On voudrait encore y croire...

Il faut encore y croire tant l’échec de l’accord américano-russe sur le Syrie serait catastrophique mais le moins qu’on puisse dire est qu’il paraît maintenant bien menacé.

Depuis que les Américains ont bombardé, samedi, les troupes de Bachar al-Assad et tué plusieurs dizaines de leurs hommes en croyant cibler les djihadistes de Daesh, les Russes sont déchaînés. Bien que les Etats-Unis aient reconnu leur erreur et exprimé leurs regrets, Moscou estime que ces frappes sont « à la frontière de la négligence criminelle et de la connivence directe avec les terroristes de l’Etat islamique ». Les mots employés par la diplomatie russe viennent compliquer l’affaire alors même que les Américains étaient déjà très refroidis par les obstacles mis par le régime Assad à l’acheminement de l’aide humanitaire vers Alep.

L’accord américano-russe était en réalité fragilisé depuis jeudi, depuis que Damas bloquait les convois de l’Onu sans que la Russie ne fasse quoi que ce soit pour l’en empêcher mais est-ce à dire que l’espoir qui s’était levé il y a huit jours serait d’ores et déjà mort ?

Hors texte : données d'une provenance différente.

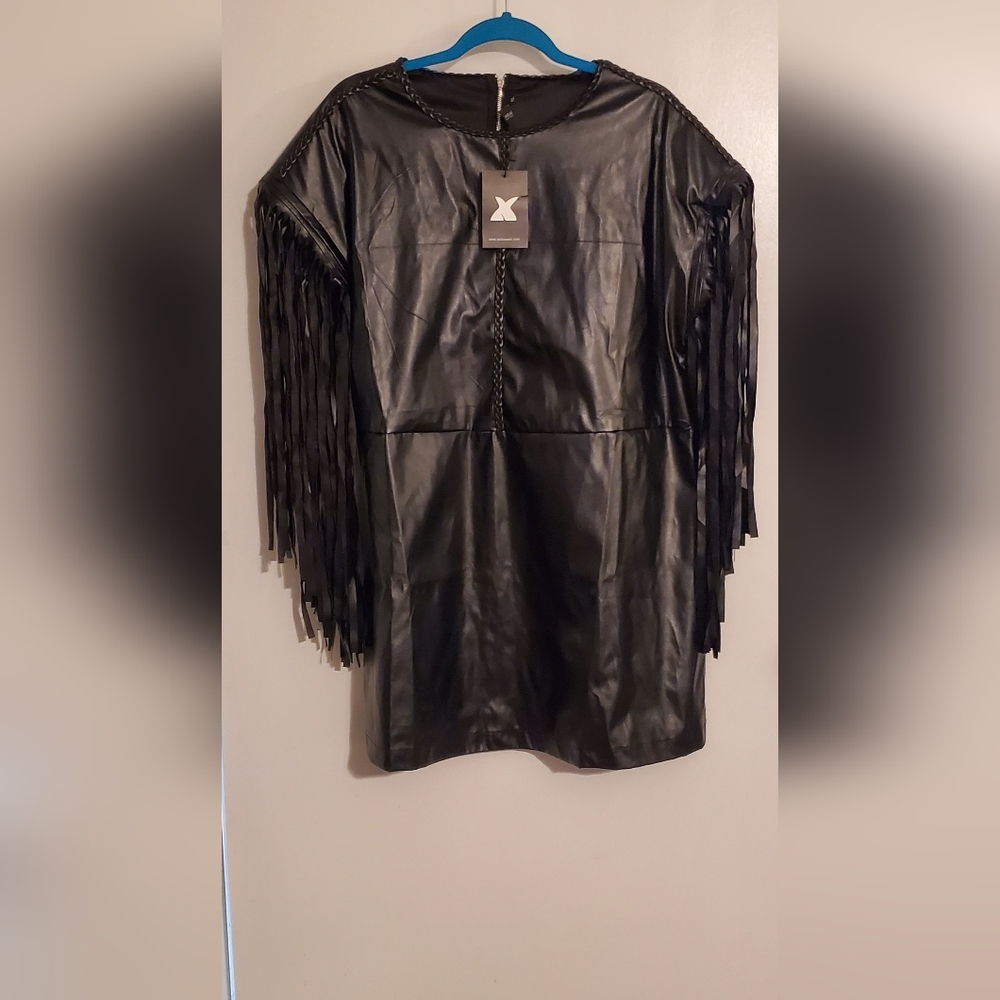 XPlus Faux Leather Dress with Fringed arms womens XL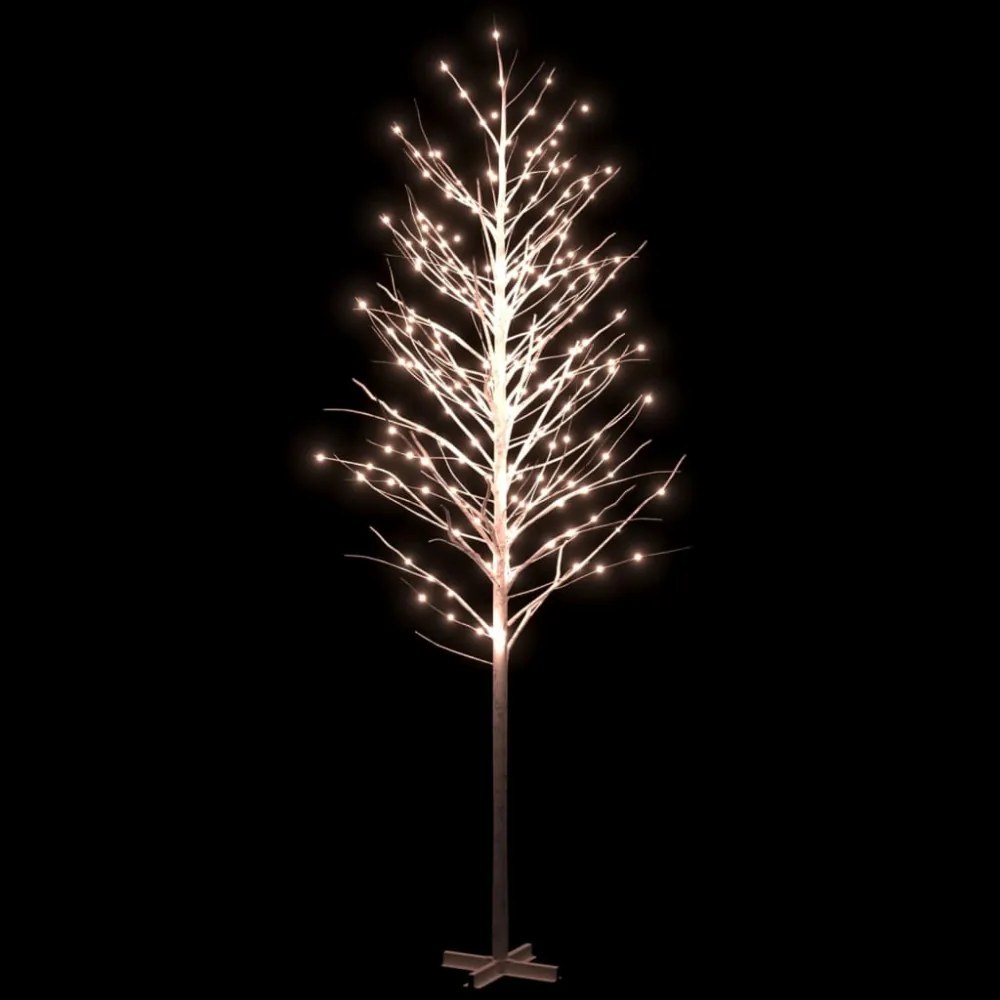 vidaXL fehér LED-es nyírfa 672 meleg fehér LED-del 400 cm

Ce n’est pas déjà dit puisque les raisons qui avaient poussé Washington et Moscou à s’entendre et à envisager une coopération militaire contre Daesh sont toujours aussi fortes. Les Américains n’ont toujours aucune envie de replonger dans la tourmente proche-orientale. L’intérêt du Kremlin est toujours de se rapprocher des Occidentaux. Il l’est même encore un peu plus maintenant que les électeurs russes ont boudé les législatives d’hier et que cette progression de l’abstention, plus de dix points en cinq ans, marque un recul de la confiance dans le parti de Vladimir Poutine. Le président russe a besoin de relancer son économie et ne pourra pas le faire sans une détente avec les Occidentaux mais le week-end a été sombre, et pas seulement pour la Syrie.

L’Europe, non plus, n’incite guère à l’optimisme. On se doutait, bien sûr, que le sommet de Bratislava, vendredi, n’allait pas résoudre d’un coup tous les problèmes de l’Union mais tout de même ! Trois mois après le Brexit, plusieurs semaines après le consensus qui s’était dégagé entre Paris, Berlin et la Commission sur la nécessité de relancer les investissements communs et de poser les jalons d’une Défense européenne, de vraies décisions n’auraient pas été superflues et il n’y en a pas eu.

Personne n’a contesté les orientations envisagées pour relancer l’unité européenne. C’est déjà ça, oui, d’accord. Ça aurait pu être pire mais un nouveau sommet extraordinaire, début 2017 à Malte et un troisième à l’occasion du 60ième anniversaire du traité de Rome, c’est un peu court pour une Union dont chacun s’accorde à dire qu’elle prend l’eau. Ça l’est d’autant plus que la France entre en campagne présidentielle et que Mme Merkel vient de subir, hier, un nouveau revers électoral à Berlin. Français et Allemands vont maintenant avoir d’autres chats à fouetter que l’Europe. Non, ce ne fut pas un bon week-end.